You should be able to completely re-use our previous training & evaluation code (e.g. from the CNN assignments) without any changes (unless you want to use sigmoid output, see above)! The only things that change are the data and the model!

Unfortunately, there is a good chance that, even if you implemented everything correctly, the network will not perform well. In particular, training is often very unstable, with both training and validation performance jumping wildly. You can try adjusting learning rates, weight initialization or parameters such as weight decay. You can also make the maximum sequence length smaller, which should make problems like exploding or vanishing gradients slightly better, at the cost of losing more information from the reviews. But at the end of the day, there is a reason architectures like the LSTM were invented!
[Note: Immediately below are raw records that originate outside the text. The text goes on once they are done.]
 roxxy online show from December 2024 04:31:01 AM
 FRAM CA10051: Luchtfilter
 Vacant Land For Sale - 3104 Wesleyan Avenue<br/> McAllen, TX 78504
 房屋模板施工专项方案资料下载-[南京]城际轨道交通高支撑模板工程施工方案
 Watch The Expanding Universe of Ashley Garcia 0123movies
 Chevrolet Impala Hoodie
6 CP: Advanced RNN Architectures

The most promising route of improvement is to replace the basic RNN cell with a more advanced one. The “classic” one is the LSTM. However, this can be a bit annoying to implement because of the large number of gates (four in total) as well as the fact that we now have a state h_t as well as what is often called the “cell state” c_t, and we have to carry both through time. In particular, this would make your loop implementation more complex, as the cell may have two (LSTM) or just one (basic RNN) state variable.
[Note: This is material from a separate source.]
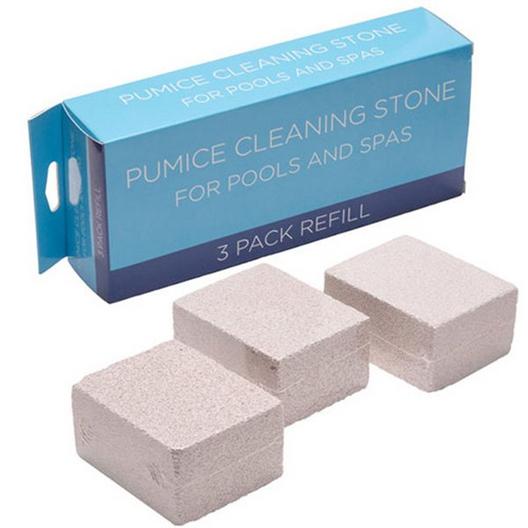 Westbay - Pumice Cleaning Stone for Pools, 3 Pack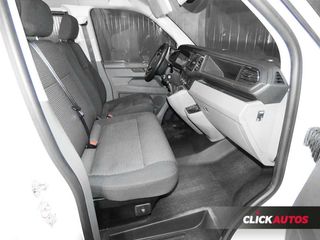 Volkswagen Caravelle 2.0 TDI 110CV Origin 9 Plazas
As an alternative, consider the Gated Recurrent Unit (GRU). This design only has two gates and no additional cell state. The equations for both LSTM and GRU can be found in many places, but Wikipedia serves just fine:

GRU
LSTM

You just need to implement the equation for h_t, which necessitates all the equations before that, as well. For the GRU, you only need to write a new cell; the RNN loop should not have to change.

With these advanced architectures, even a small RNN with around 100 hidden units should easily fit the training data. You should of course be using advanced optimizers like AdamW with learning rate decay. For reference, we got close to 98% training and 87% testing accuracy with a GRU with 128 hidden units and an embedding dimension of just 32.

A note on efficiency: Fused implementations

A naive GRU or LSTM implementation will be much slower than the basic RNN. This is due to the large number of linear transformations we have to do, which are all done in sequence. However, it is actually possible to combine multiple matrix multiplications into a single one!

For a formula like W*x + U*h, this is equivalent to a single matrix multiplication [W U] * [x h] where the square brackets denote concatenation (you have to check which axis to concatenate along…).
Two matrix multiplications y1 = W*x and y2 = U*x can be written as [y1 y2] = [W U] * x. Again, the square brackets denote concatenation along a suitable axis. The result can then be split into two parts to recover separate y1, y2 outputs.

There are concrete code examples for both in the notebook on E-Learning! These so-called fused implementations are much more efficient than the naive ones. For an LSTM, all linear transformations (eight in total) can be fused into a single one! For a GRU, we unfortunately need two, since the reset gate needs to be computed first, which then serves as an input to the “candidate activation vector” (using the Wikipedia terminology).

Further Investigation

Even with this simple setup, there are already plenty of things to investigate:

What is the influence of the vocabulary size on training/test performance?
What about the maximum sequence length?
Pre- vs post-padding or -truncation?
- Can you find a way to prevent the network from doing any computation on padding inputs? The main challenge here is that within a batch, for any given time step, some elements may be padding, while others are not.
Is there any effect from using the special <start> token compared to leaving it out?